The Game of Writing is being used for the first time in a writing course WRS 102 Writing in the Disciplines. This course is the first test of the online gamified writing environment that started as a GRAND prototype research project but not the last – we expect 200 students to enroll in the fall 2014 class.
The Game of Writing, or GwRIT (account needed), is an online writing environment that can be used in a writing course to support student writing development. An interdisciplinary team at the University of Alberta have built GwRIT so that it can be a platform for representing information about a user’s writing back to them through analytics or gamification components. Our working hypothesis is that gamification and analytics can be playful ways of representing real information back to users so that they can make decisions and possibly be motivated to write differently. GwRIT combines composing tools (word processing), reviewing opportunities (commenting), research guidance (resources), models for writing (sample documents), and advice about writing (from a variety of sources) through the GwRIT interface.
But what sets GwRIT apart from other online learning systems is its focus on student writing in a social network. Innovative aspects of this course include students’ sharing their progress on the assignments with peers and the instructional staff; the ability for all students to see who is working on the same assignments; and the ability to ask for help or advice from those other students. In addition, feedback and informal assessment is available online from peers in the class; from paid peer tutors; from GTAs; and (eventually) from alumni. Commenting in GwRIT takes advantage of social networking practices by allowing students and instructors to give a “thumbs up” or “thumbs down” in response to comments. Instructors can also “pin” a comment to the top of the comments list, which appears in a window alongside the word processing window. Students learn what makes for a good comment by reviewing comments that get both a “thumbs up” from the writer of the text and also gets “pinned” by an instructor to the top of the comments list. By writing in this social network and learning from analytics derived from their writing, we have created an innovative and exciting approach to improving student writing.

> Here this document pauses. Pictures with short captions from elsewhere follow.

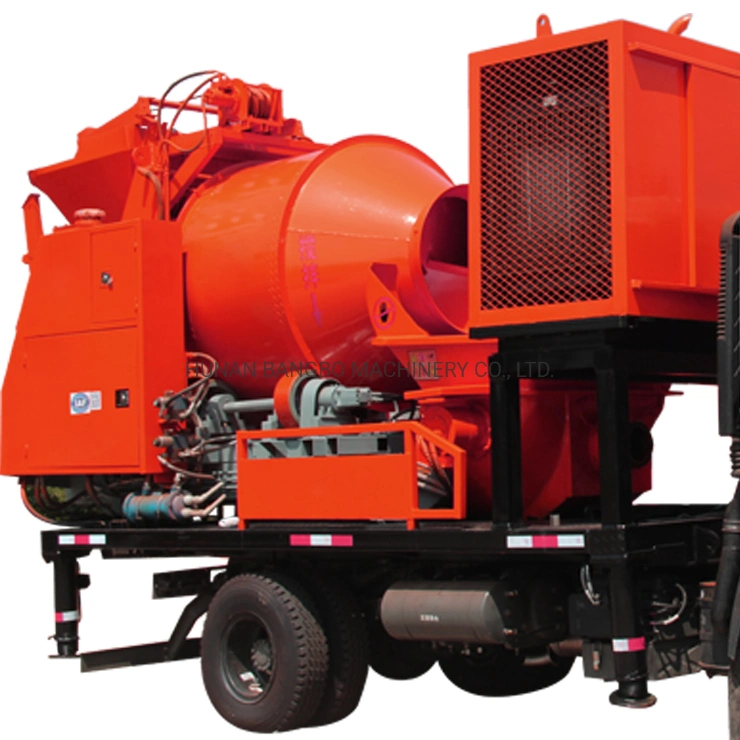 Diesel Concrete Mixing Machine Cement Mixer Pump Mini Pan Concrete Mixer Pump Truck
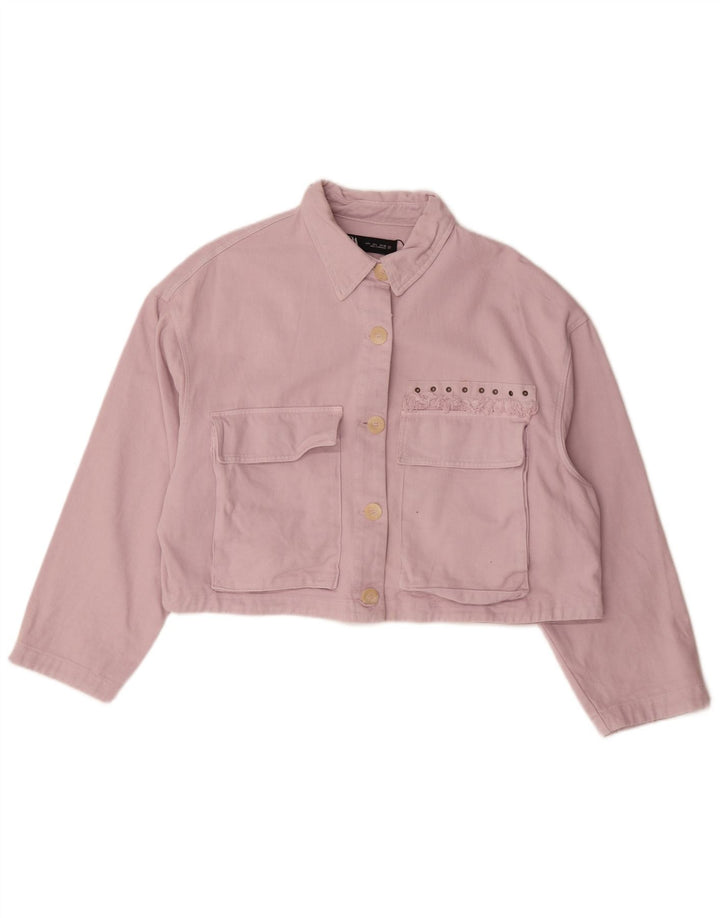 Zara ženska velika traper jakna UK 16 Large Pink Cotton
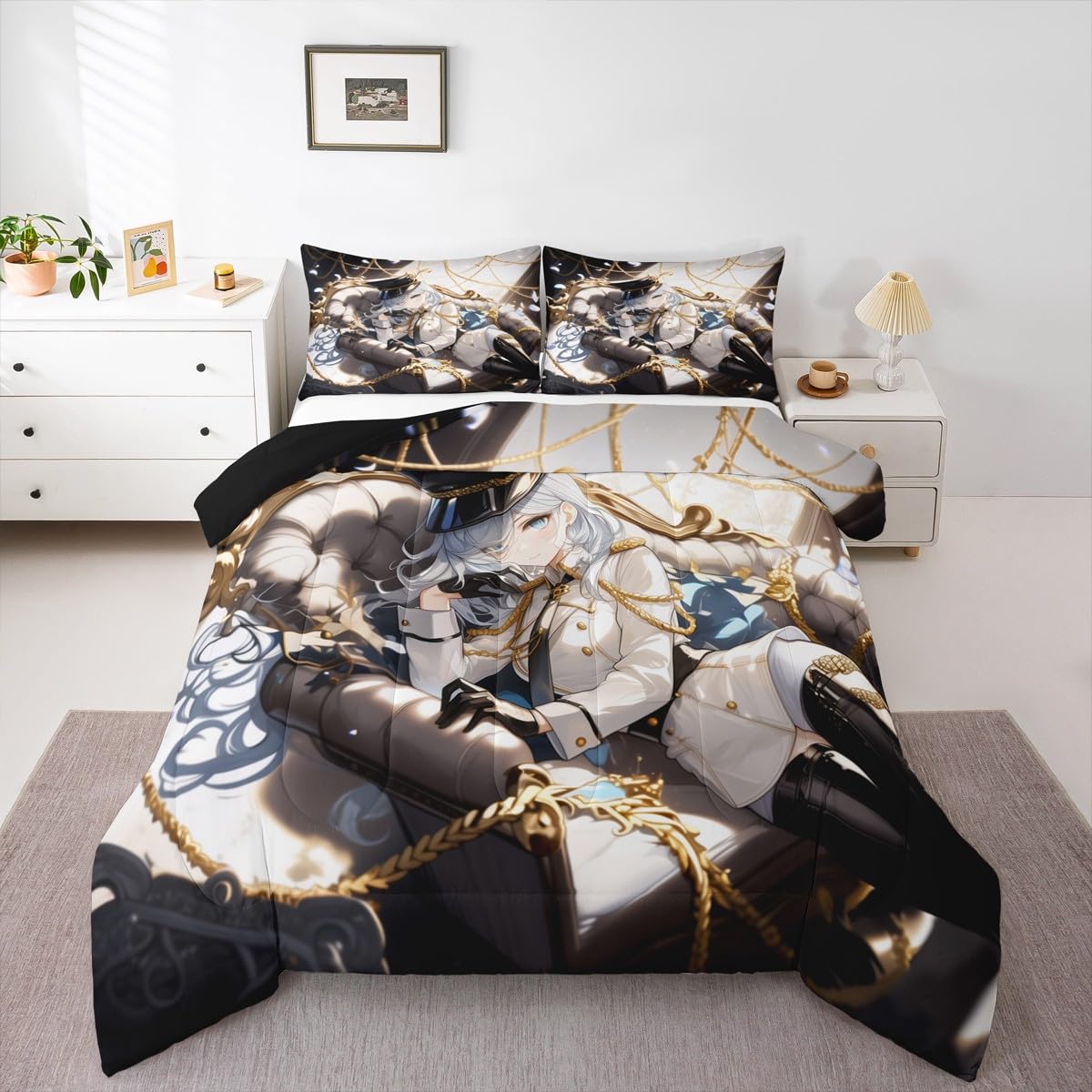 Erosebridal 3D Anime Uniform Girl King Size Comforter Sets,Japanese Style Cartoon Bedding for Boys Girls Teen Cute Kawaii Room Decor, Sailor Suit Duvet Set Anime Cyber Retrofuturism Homebody Quilt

GwRIT started as a prototype developed with GRAND support by investigator Geoffrey Rockwell. GwRIT was then redeveloped for use in writing courses in partnership with Roger Graves and Heather Graves of the University of Alberta’s Writing Across the Curriculum Initiative. The development was supported by the Faculty of Arts, the Centre for Teaching and Learning and University of Alberta Blended Learning Award. With the first blended course run with GwRIT we now have a platform for the innovative teaching of writing.
A short paper on Gamification, Research and Writing was presented at “Building partnerships to transform scholarly publishing”, Whistler, BC, February, 2014.